Thankfully, last year, a friend of mine pointed me to the secret for dealing with the itch caused by mosquito bites. And, yes, there is a cure for it that is actually quite simple and effective.
When a mosquito bites you, it uses its saliva’s anticoagulant to keep your blood flowing so it can get as much out f you as it can. It’s that anticoagulant which causes irritation. If you get bit enough, you can become immune to it, but few of us want to go to that extreme. Thankfully, there’s another way of dealing with it.
Like many animal venoms, what mosquitos inject into us in protein-based. And for any of us who like to BBQ, the reason why we blast our meat with heat is to aid in breaking it down.
The key here is: Heat breaks down proteins. To get rid of the itch caused by mosquito bites, you’ve got to cook the proteins.
There are several ways to do this.
1. Sit close to the camp fire. When you’re out camping, the easiest approach is to do what you normally do: build a fire and sit close to it.

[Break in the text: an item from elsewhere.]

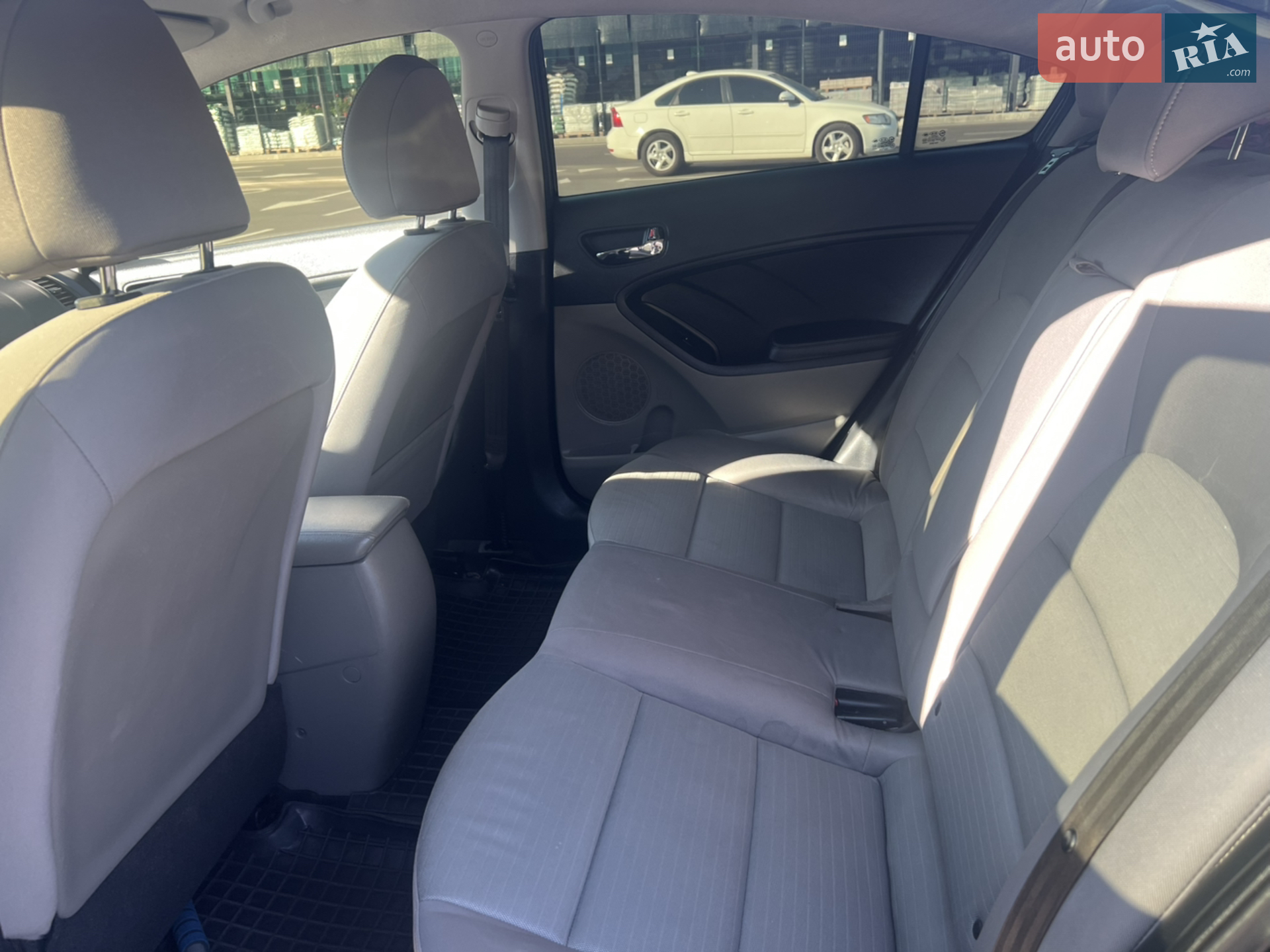 2015 Kia Forte - мініатюра 10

The trick is to get the fire hot enough and to sit close enough that the affected areas of your body start to feel like they’re cooking.
If you don’t feel like you’re cooking, you’re not. And neither are the proteins the mosquito injected into you. For this or any of the following methods to work, you’ve got to go to the point of pain. Not too much pain, but about 20-30 seconds of pain.
But from our experience, this can be done with most camp fires. In fact, we realized that we’ve been treating our mosquito bites this way for years without realizing it. You, too.
Obviously, though, there are plenty of bites that are in spots that you can’t or won’t put close enough to a camp fire. Thankfully, there are other ways to cook those mosquito proteins.
2. Use a hair drier when you get home.
Being bald, I don’t use a drier, but I’ve got a family that uses several of them. The tool for relief is close at hand in almost every household.
Hair driers use a lot of electricity and generate a lot of heat. That heat is more focused than camp fires, but it’s still not as focused as most of us would prefer. There are ways to deal with that with just a bit of creativity.
The problem here is making sure you don’t overheat yourself. Hair driers are powerful tools and can cook more than just the mosquito proteins if you’re not careful. So, please, be careful with yours!
3. Amazon and other retailers sell tools like the Therapik which can be taken with you in your daypack or left in the glove compartment of your car. We have one and use it regularly.
Since these are consumer electronics, they are made to not cause harm. Unlike hair driers where the risk is too much heat, here the risk is not enough. So, this means probably having to treat the affected areas several times before adequately cooking the mosquito proteins.
So, there you have it. Several ways to get rid of the itch and regain the joy of exploring the outdoors during mosquito season.